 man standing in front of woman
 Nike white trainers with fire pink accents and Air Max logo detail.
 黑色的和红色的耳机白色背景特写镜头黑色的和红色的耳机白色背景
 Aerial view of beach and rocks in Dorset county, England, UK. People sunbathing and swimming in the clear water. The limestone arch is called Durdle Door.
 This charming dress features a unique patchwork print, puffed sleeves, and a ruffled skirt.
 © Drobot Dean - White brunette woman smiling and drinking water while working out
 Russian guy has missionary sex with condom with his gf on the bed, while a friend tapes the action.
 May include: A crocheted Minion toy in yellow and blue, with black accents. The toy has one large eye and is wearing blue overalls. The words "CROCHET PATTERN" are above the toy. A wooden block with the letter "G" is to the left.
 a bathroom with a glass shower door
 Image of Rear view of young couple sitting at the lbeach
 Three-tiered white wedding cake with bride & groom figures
=====
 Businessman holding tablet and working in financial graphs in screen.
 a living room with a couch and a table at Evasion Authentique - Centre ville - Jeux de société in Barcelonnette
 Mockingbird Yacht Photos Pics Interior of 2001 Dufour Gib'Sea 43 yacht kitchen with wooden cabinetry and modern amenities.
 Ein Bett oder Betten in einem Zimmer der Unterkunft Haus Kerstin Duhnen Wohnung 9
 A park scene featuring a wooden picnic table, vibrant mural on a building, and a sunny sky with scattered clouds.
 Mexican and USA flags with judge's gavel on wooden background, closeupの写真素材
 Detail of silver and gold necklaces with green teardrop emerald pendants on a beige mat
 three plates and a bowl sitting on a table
=====
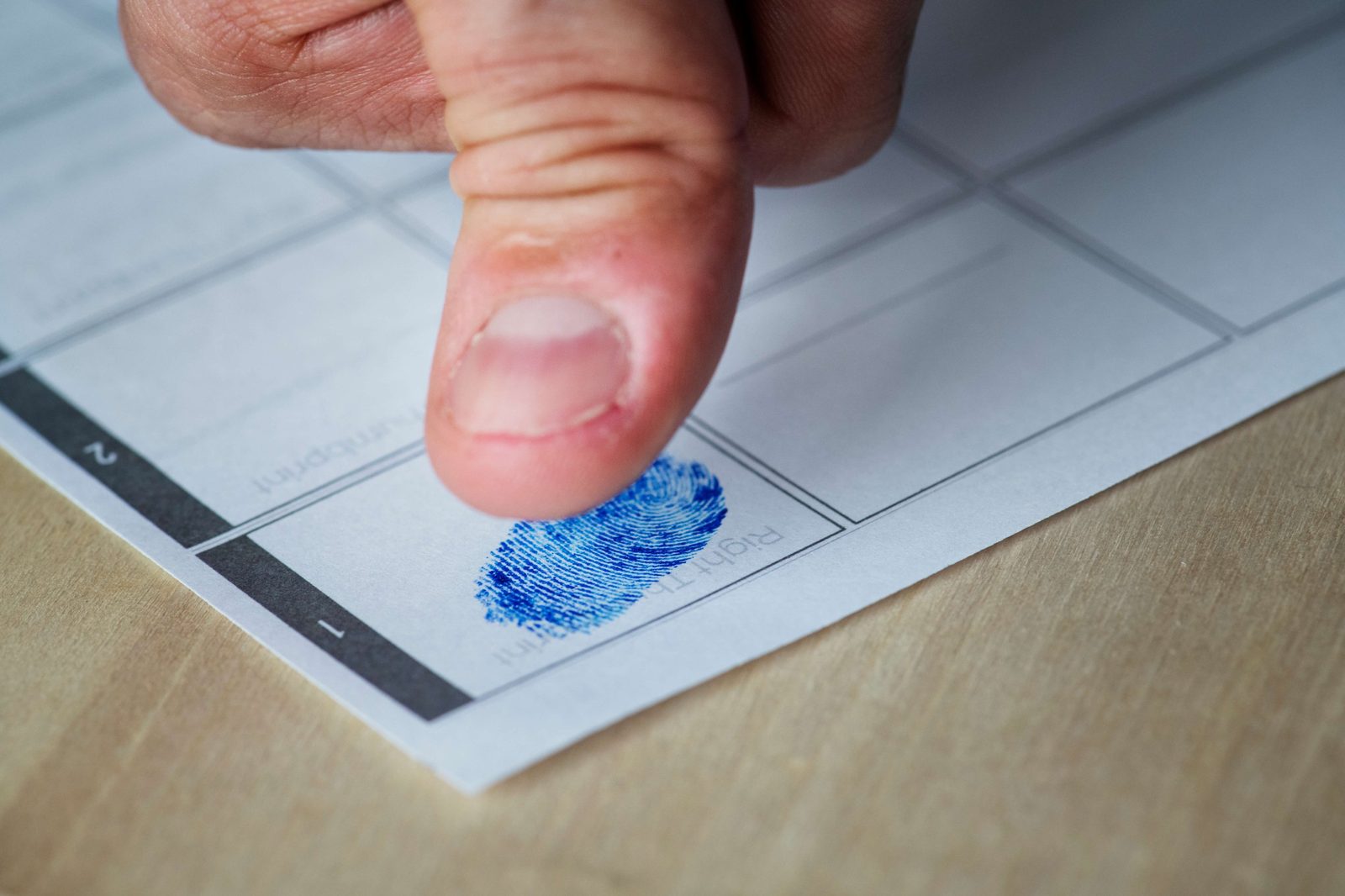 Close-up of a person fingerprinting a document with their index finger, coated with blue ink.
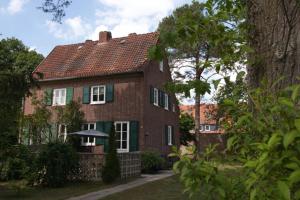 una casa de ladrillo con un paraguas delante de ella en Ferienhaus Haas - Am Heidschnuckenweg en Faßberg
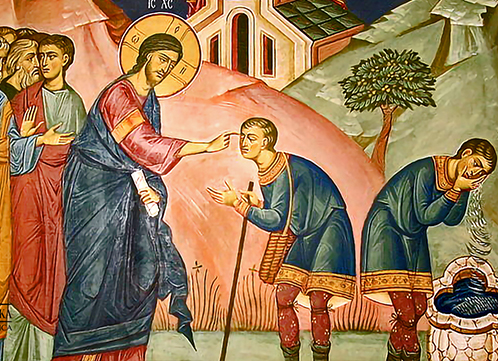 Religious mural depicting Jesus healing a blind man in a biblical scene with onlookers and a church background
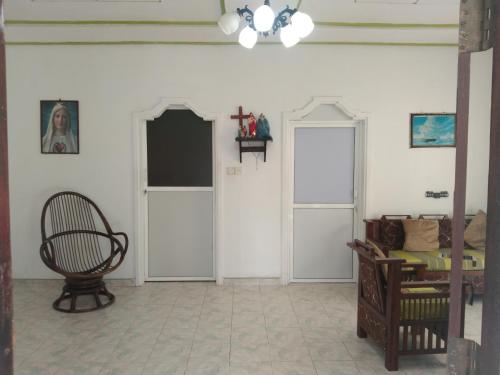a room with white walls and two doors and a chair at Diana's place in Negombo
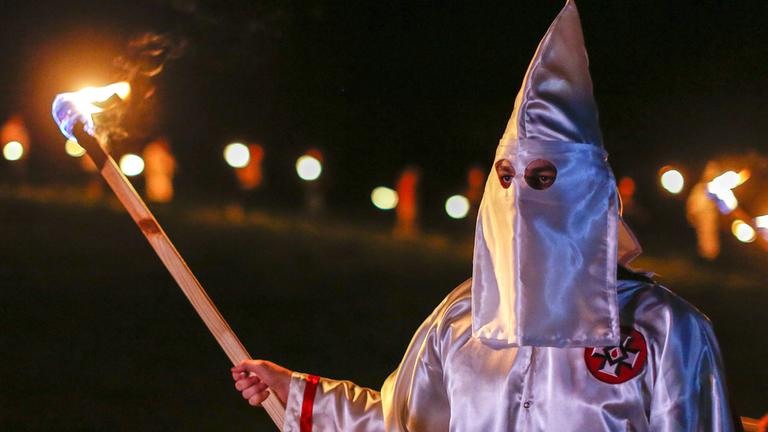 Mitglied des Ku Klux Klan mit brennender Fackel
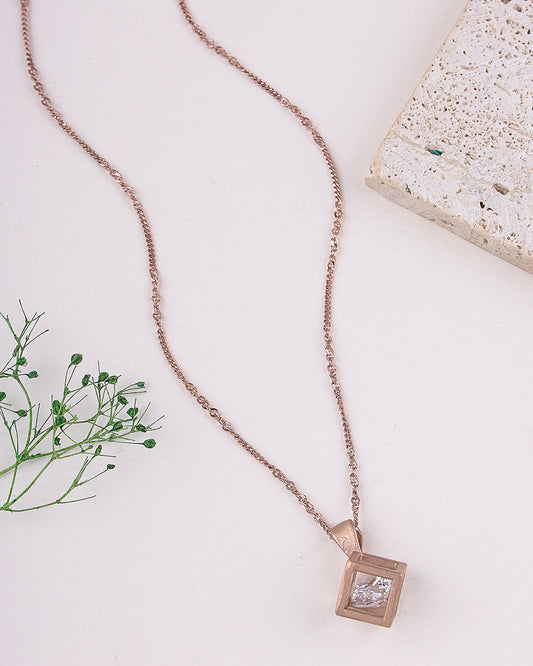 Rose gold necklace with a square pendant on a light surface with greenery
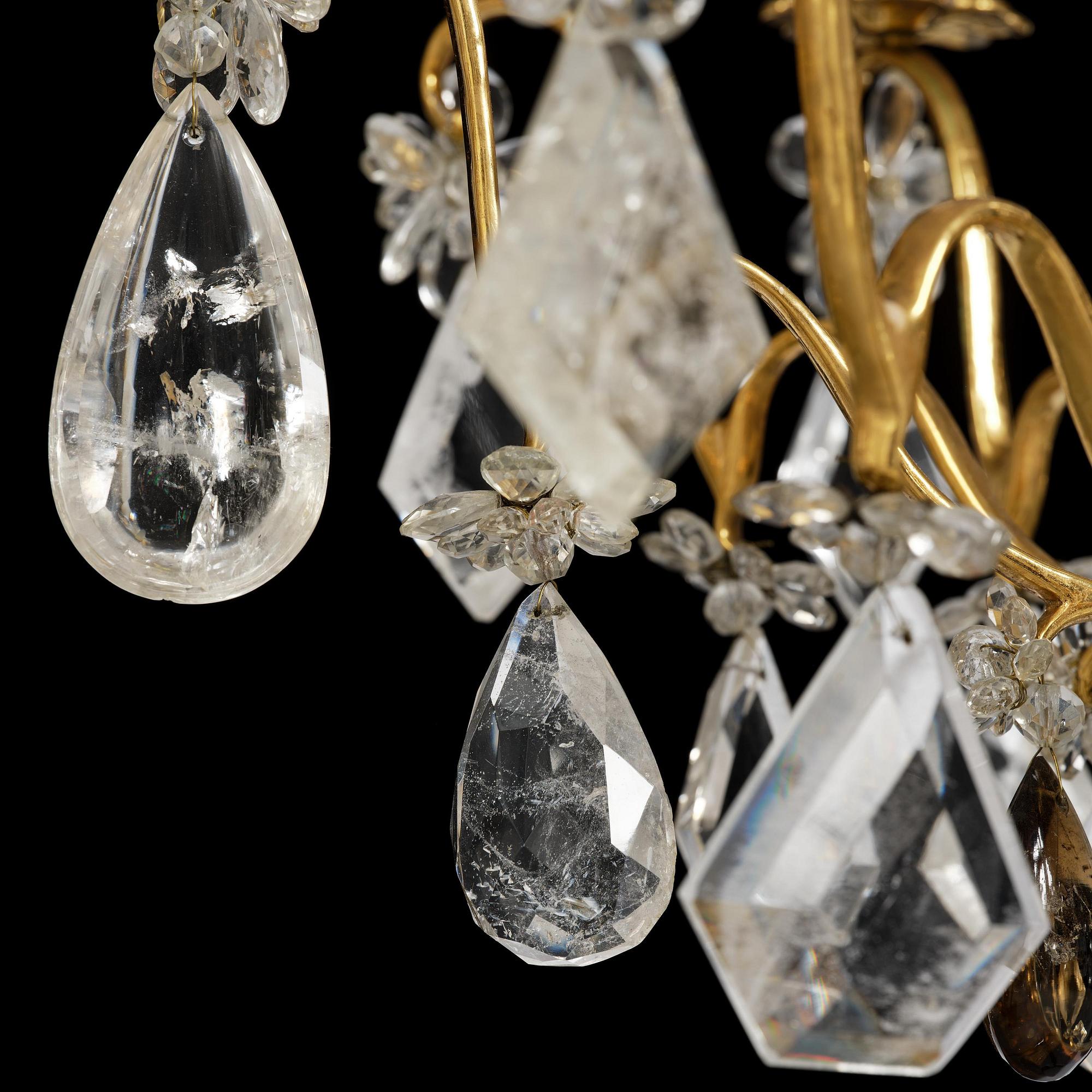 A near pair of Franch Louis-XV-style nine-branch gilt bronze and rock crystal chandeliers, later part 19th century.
=====
» ABOUT THIS TASK: Return exactly the lines that appear in the data above between the line containing "una casa de" and the line containing "A near pair", both of which are included, and leave the pictures out.

» RESULT OF THE EXERCISE:
 una casa de ladrillo con un paraguas delante de ella en Ferienhaus Haas - Am Heidschnuckenweg en Faßberg
 Religious mural depicting Jesus healing a blind man in a biblical scene with onlookers and a church background
a room with white walls and two doors and a chair at Diana's place in Negombo
 Mitglied des Ku Klux Klan mit brennender Fackel
 Rose gold necklace with a square pendant on a light surface with greenery
 A near pair of Franch Louis-XV-style nine-branch gilt bronze and rock crystal chandeliers, later part 19th century.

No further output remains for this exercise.